[Opening Supplied information section]

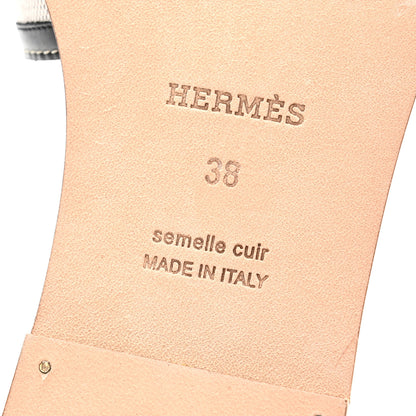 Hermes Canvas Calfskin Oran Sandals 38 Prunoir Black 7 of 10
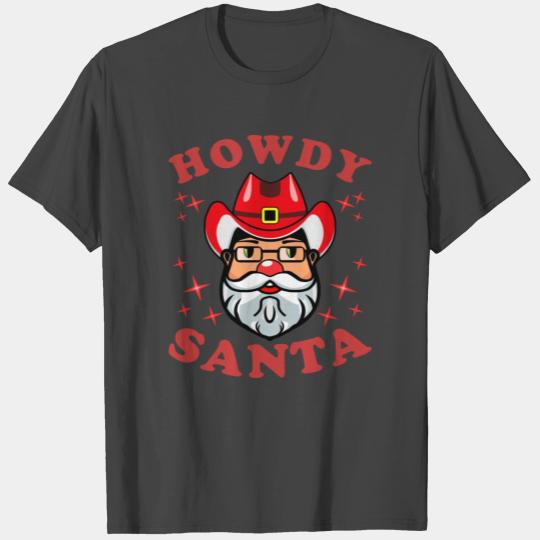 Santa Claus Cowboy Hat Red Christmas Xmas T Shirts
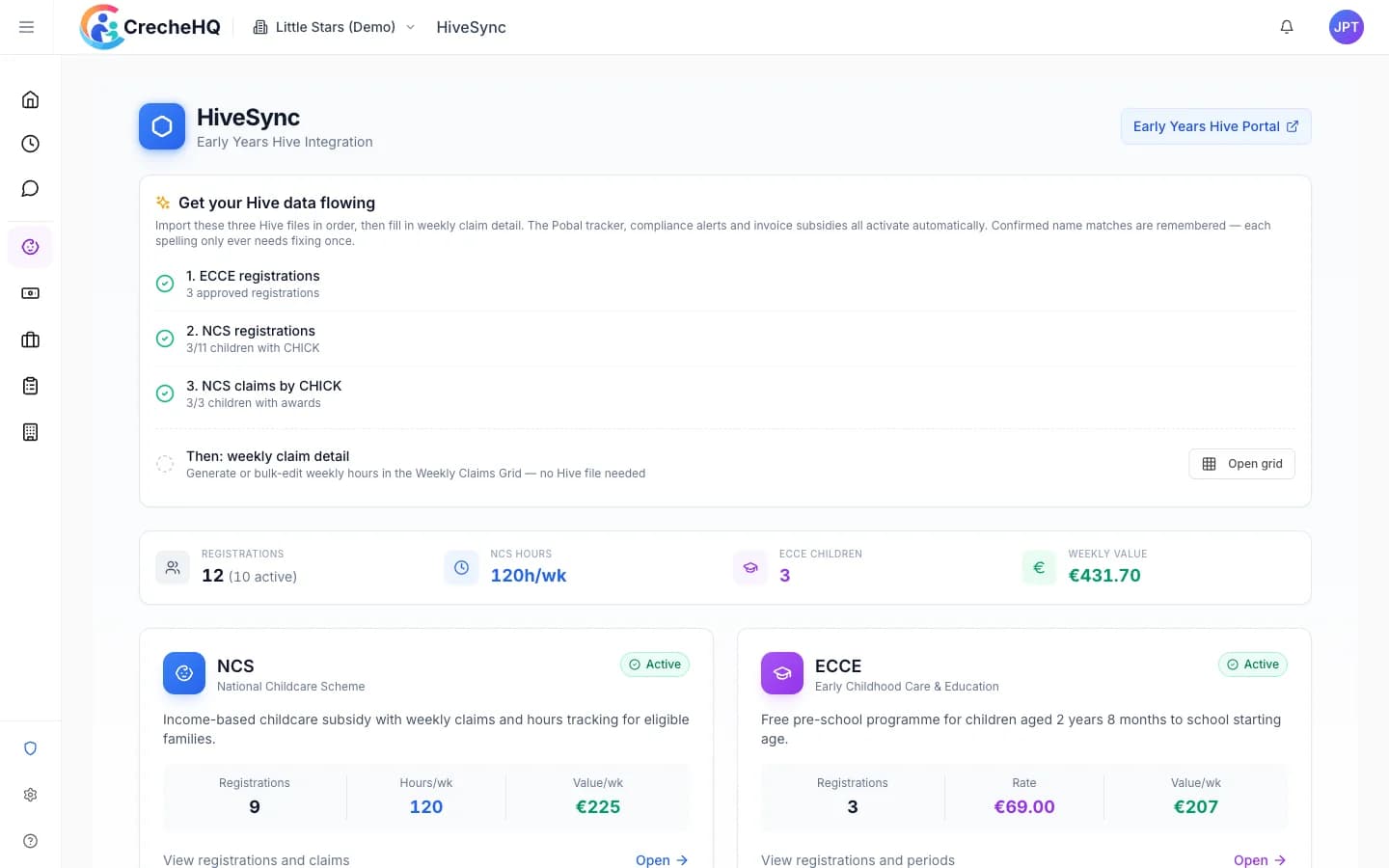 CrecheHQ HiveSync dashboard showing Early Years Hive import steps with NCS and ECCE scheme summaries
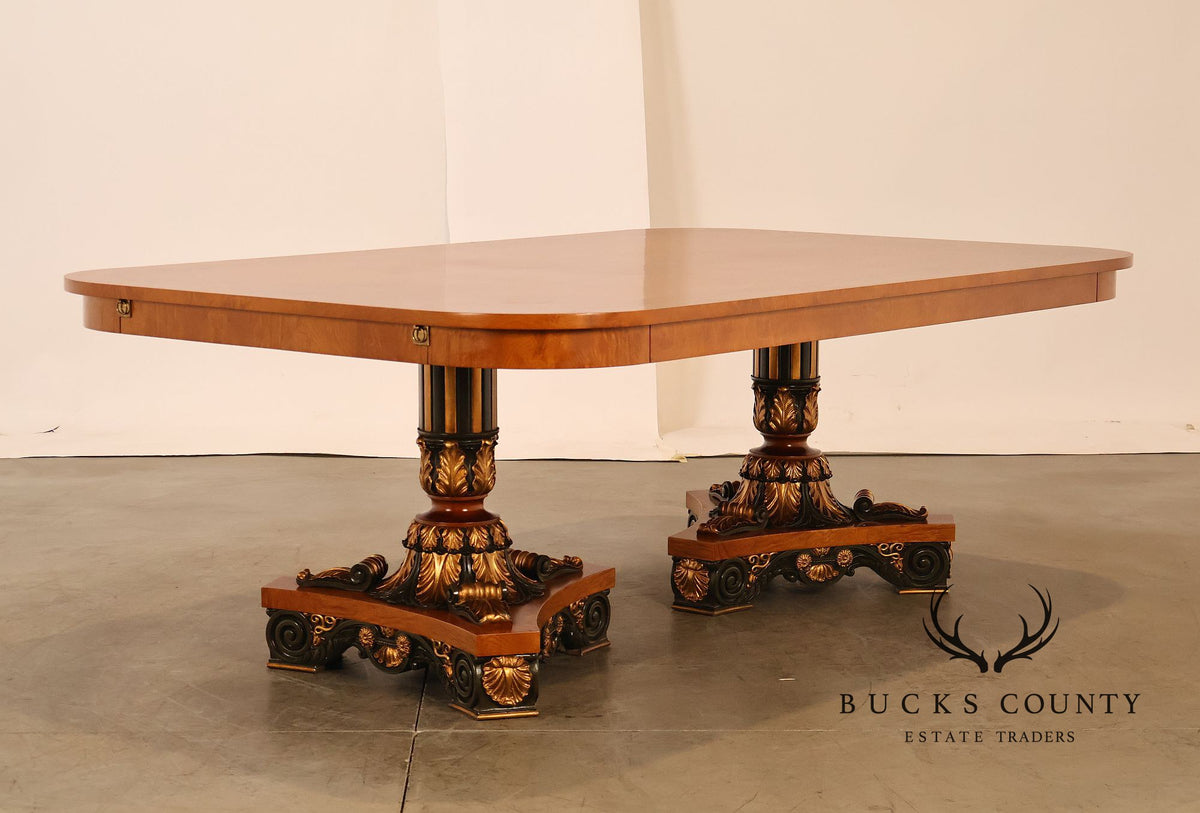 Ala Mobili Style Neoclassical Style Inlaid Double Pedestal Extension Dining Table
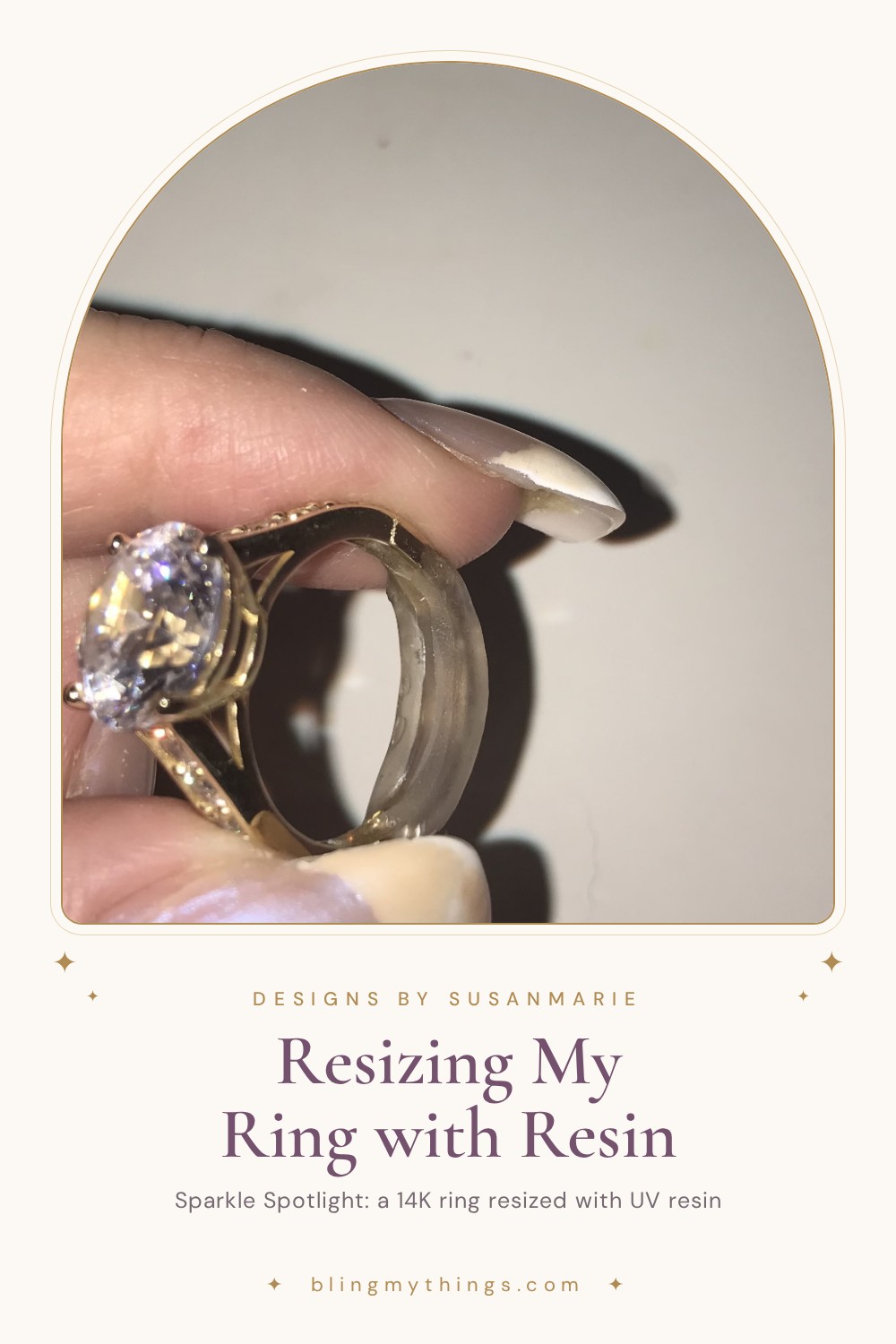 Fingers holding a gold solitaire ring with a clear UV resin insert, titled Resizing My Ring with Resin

[Closing Supplied information section]

▶ [Prompt] Rewrite the data above exactly as given, but omit the images.

▶ [Exercise answer]
 Hermes Canvas Calfskin Oran Sandals 38 Prunoir Black 7 of 10
 Santa Claus Cowboy Hat Red Christmas Xmas T Shirts
 CrecheHQ HiveSync dashboard showing Early Years Hive import steps with NCS and ECCE scheme summaries
 Ala Mobili Style Neoclassical Style Inlaid Double Pedestal Extension Dining Table
 Fingers holding a gold solitaire ring with a clear UV resin insert, titled Resizing My Ring with Resin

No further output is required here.